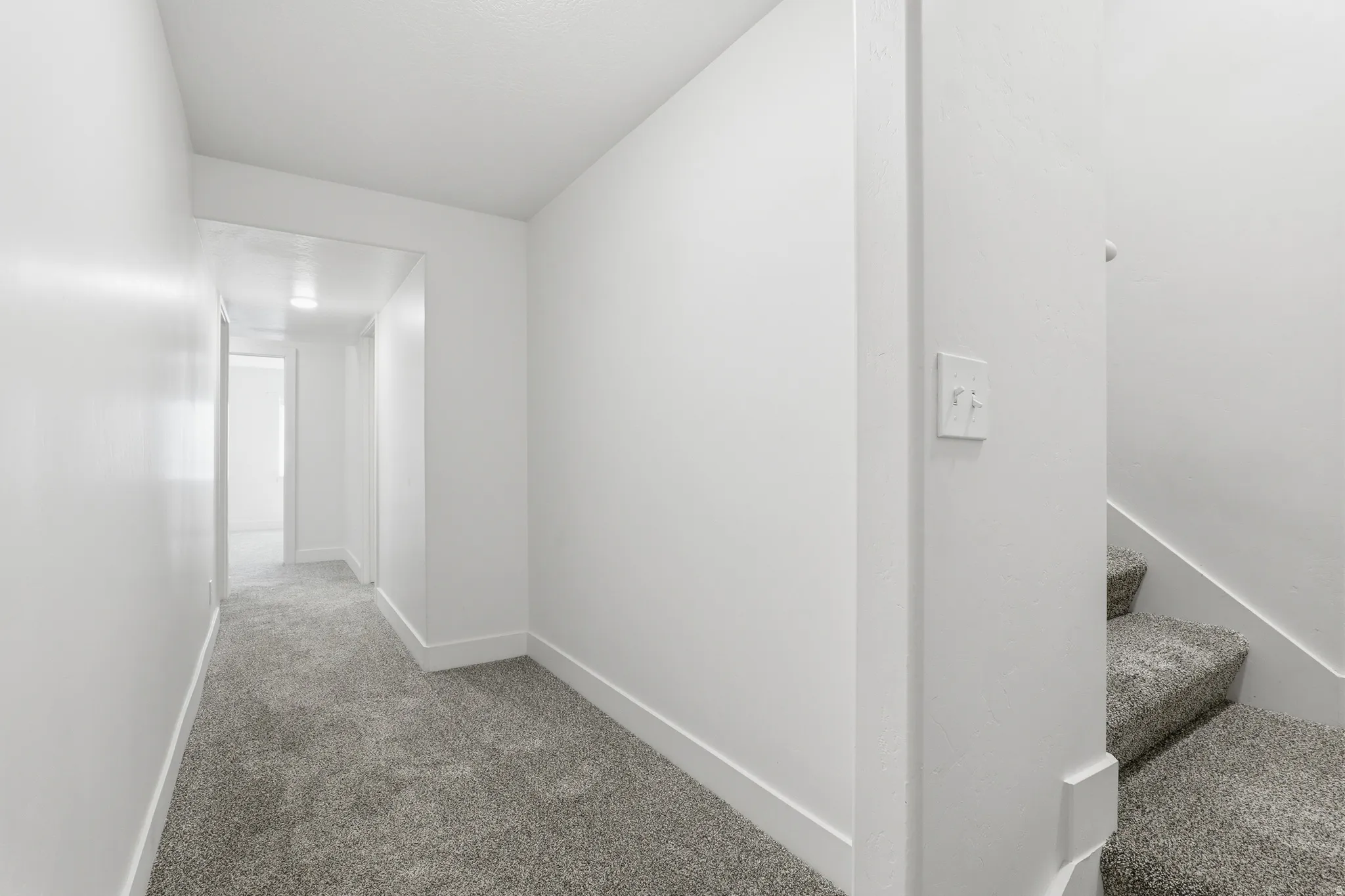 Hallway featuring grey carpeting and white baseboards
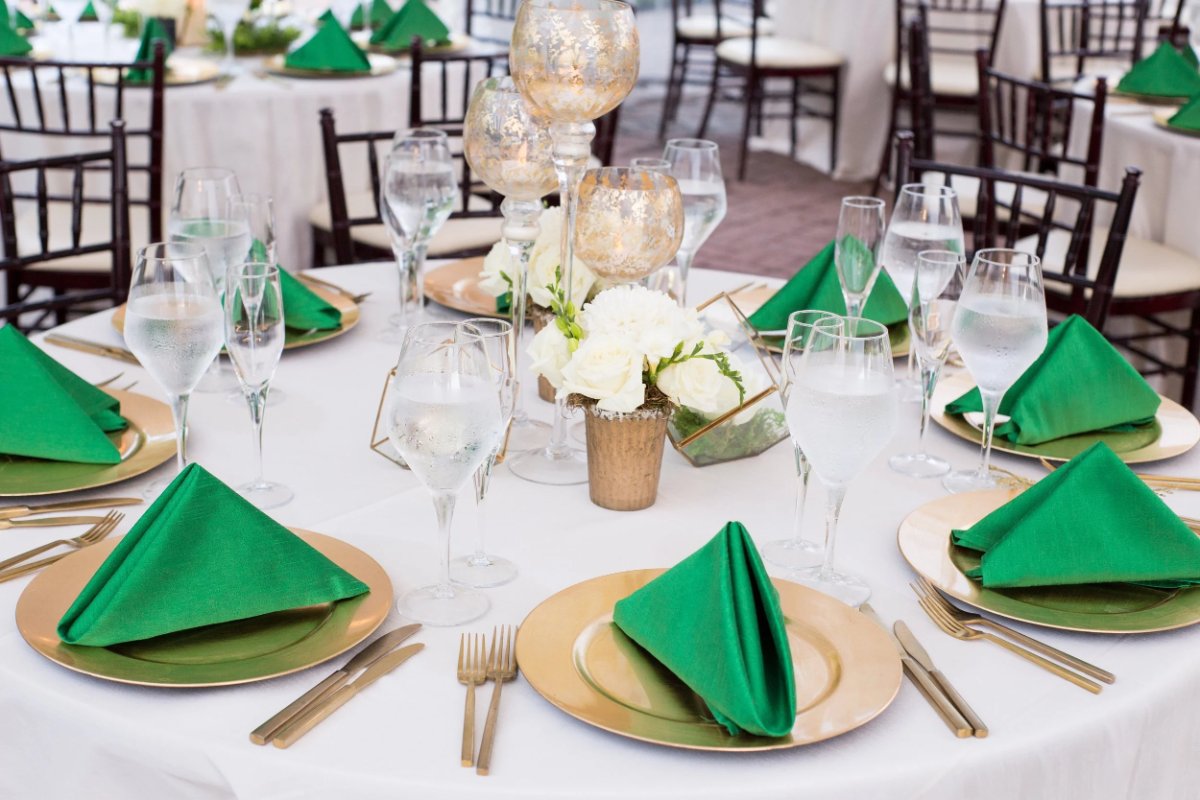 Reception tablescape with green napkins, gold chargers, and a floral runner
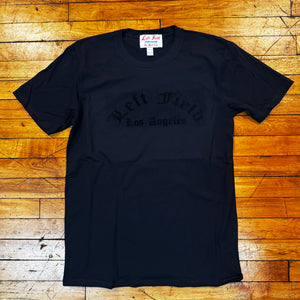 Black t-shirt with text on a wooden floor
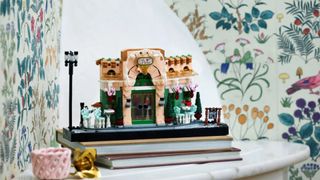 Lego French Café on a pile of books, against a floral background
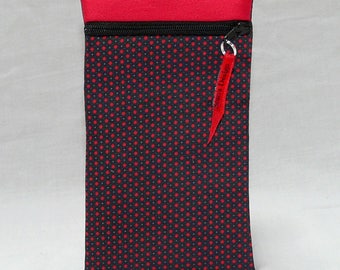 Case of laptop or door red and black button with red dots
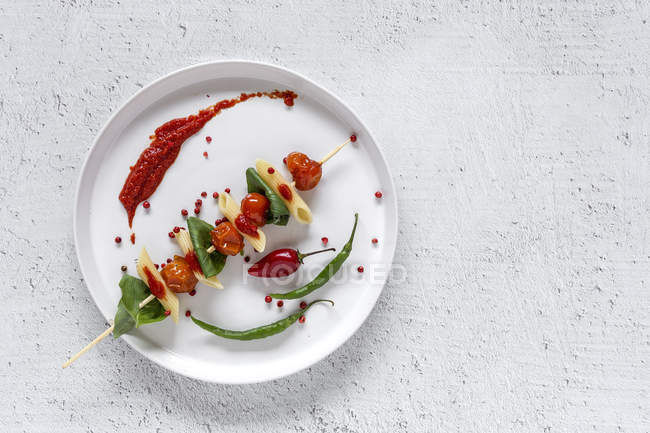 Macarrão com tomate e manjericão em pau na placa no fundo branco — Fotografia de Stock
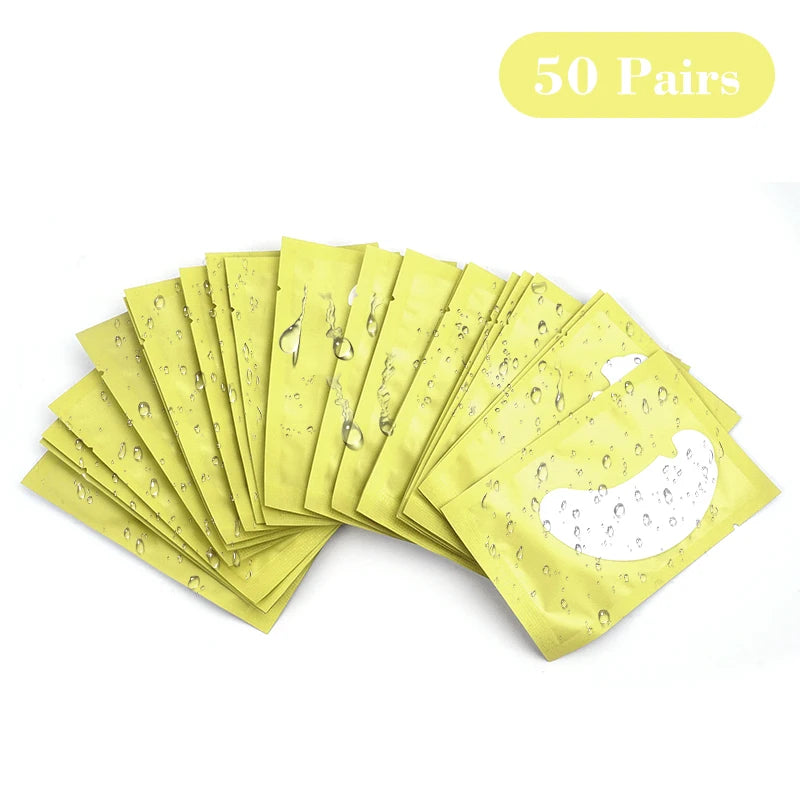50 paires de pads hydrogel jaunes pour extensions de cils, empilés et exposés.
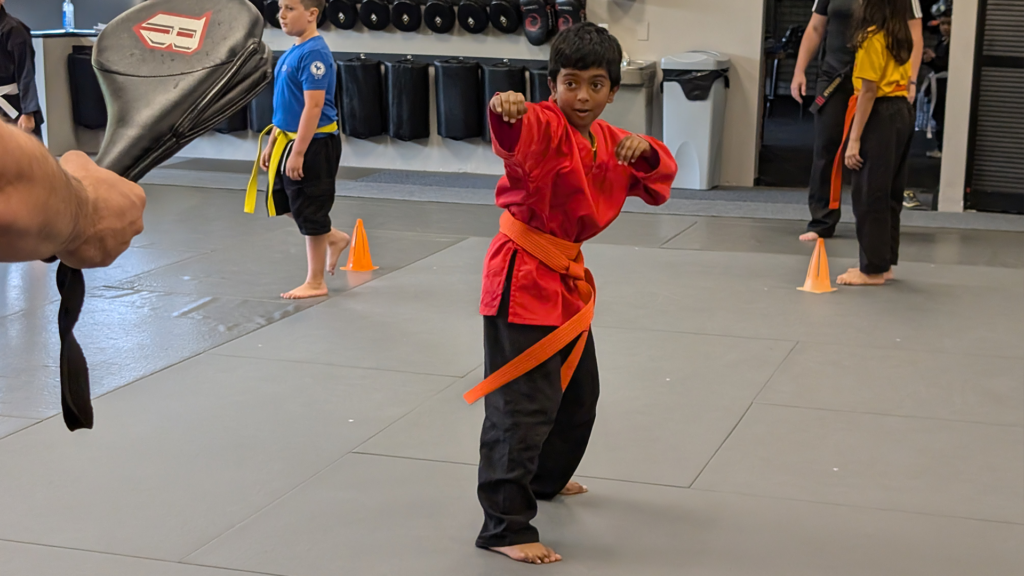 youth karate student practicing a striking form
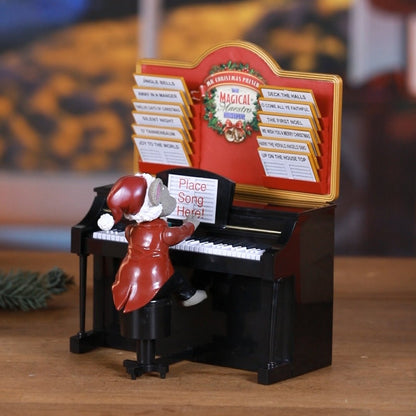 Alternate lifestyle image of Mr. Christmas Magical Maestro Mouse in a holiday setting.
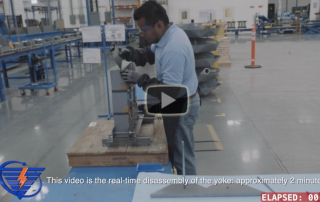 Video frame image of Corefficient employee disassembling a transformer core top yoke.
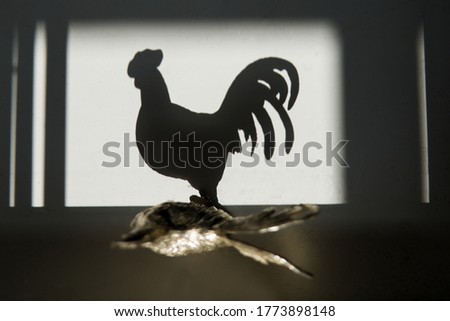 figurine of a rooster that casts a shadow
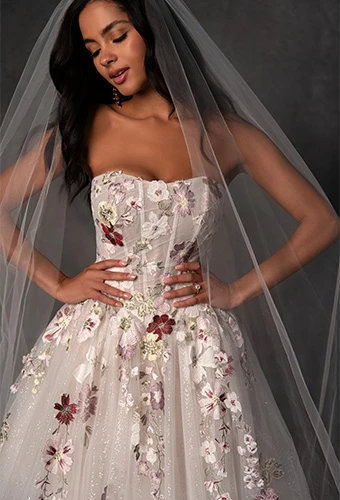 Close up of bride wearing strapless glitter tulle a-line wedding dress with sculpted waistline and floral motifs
=====
▶ [WHAT THE TASK ASKS]:
When a picture appears among the entries, skip it; transcribe everything else exactly.

▶ [OUTPUT OF THE TASK]:
 Hallway featuring grey carpeting and white baseboards
 Reception tablescape with green napkins, gold chargers, and a floral runner
 Black t-shirt with text on a wooden floor
 Lego French Café on a pile of books, against a floral background
 Case of laptop or door red and black button with red dots
 Macarrão com tomate e manjericão em pau na placa no fundo branco — Fotografia de Stock
50 paires de pads hydrogel jaunes pour extensions de cils, empilés et exposés.
 youth karate student practicing a striking form
 Alternate lifestyle image of Mr. Christmas Magical Maestro Mouse in a holiday setting.
 Video frame image of Corefficient employee disassembling a transformer core top yoke.
 figurine of a rooster that casts a shadow
 Close up of bride wearing strapless glitter tulle a-line wedding dress with sculpted waistline and floral motifs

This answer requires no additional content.